Java 2 Go!: June 2007

Sunday, June 24, 2007

JavaOne 2007 - Performance tips

by Eduardo Rodrigues

Hello everybody!

I know I've promised more posts with my impressions on JavaOne 2007. So, here it goes...

Some of the most interesting technical sessions I've attended to were on J2SE performance and monitoring. In fact, I would highlight TS-2906: "Garbage Collection-Friendly Programming" by John Coomes, Peter Kessler and Tony Printezis from the Java SE Garbage Collection Group at Sun Microsystems. They certainly gave me a new vision on the newest GCs available.

And what does GC-friendly programming have to do with performance? Well, if you manage to write code that doesn't needlessly spend GC processing, you'll be implicitly avoiding major performance impacts to your application.
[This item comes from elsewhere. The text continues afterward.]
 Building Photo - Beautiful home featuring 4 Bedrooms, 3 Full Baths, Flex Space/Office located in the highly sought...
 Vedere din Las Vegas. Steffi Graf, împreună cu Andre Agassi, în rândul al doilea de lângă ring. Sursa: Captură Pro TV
Today there are different kinds of GCs and a variety of approaches for them too. We have generational GCs which keeps young and old objects separetely in the heap and uses specific algorithms for each generation. We also have the incremental GC which tries to minimize GC disruption working in parallel with the application. There's also the possibility of mixing both using a generational GC with the incremental approach being applied only to the old generation space. Besides, we have campacting and non-compacting GCs; copying, mark-sweep and mark-compact algorithms; linear and free lists allocation and so on. Yeah... I know... another alphabet soup. If you want to know further about them, here are some interesting resources:

"Tuning Garbage Collection with the 5.0 Java Virtual Machine"
"Java HotSpot^tm VM Options"
and for the most curious
"Memory Management in the Java HotSpot^tm Virtual Machine"
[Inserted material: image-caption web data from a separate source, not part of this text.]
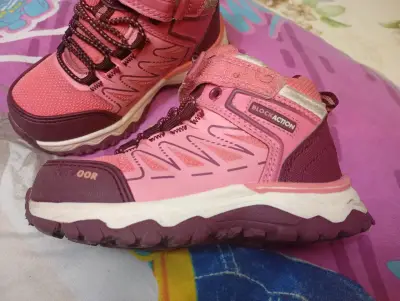 Zapatillas de trekking para niños rosadas - miniatura 1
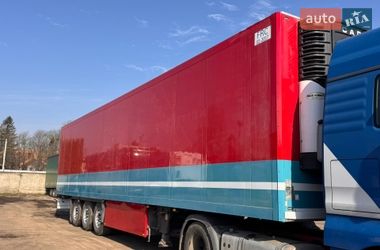 Рефрижератор полуприцеп Schmitz Cargobull Cargobull 2011 в Черновцах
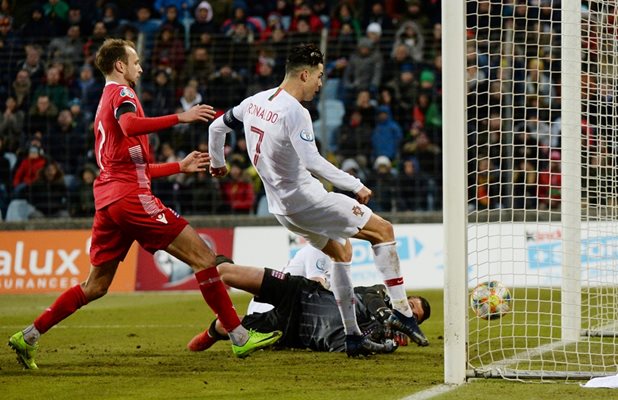 Кристиано Роналдо вкарва 99-ия си гол за Португалия при 2:0 в Люксембург. Снимки: Ройтерс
The first and basic question should be "how do I create work for the GC?" and the most common answers would be: allocating new memory (higher allocation rate implies more frequent GCs), "live data" size (more work to determine what's live) and reference field updates (more overhead to the application and more work for the GC, especially for generational or incremental). With that in mind, there are some helpful tips for writing GC-friendly code:

Object Allocation

In recent JVMs, object allocation is usually very cheap. It takes only 10 native instructions in fast common cases. As a matter of fact, if you think that C/C++ has faster allocation you're wrong. Reclaiming new objects is very cheap too (especially for young generation spaces in generational GCs). So, do not be affraid to allocate small objects for intermediate results and remember the following:

GCs, in general, love small immutable objects and gerational GCs love small and short-lived ones;

Always prefer short-lived immutable objects instead of long-lived mutable ones;

Avoid needless allocation but keep using clearer and simpler code, with more allocations instead of more obscure code with fewer allocations.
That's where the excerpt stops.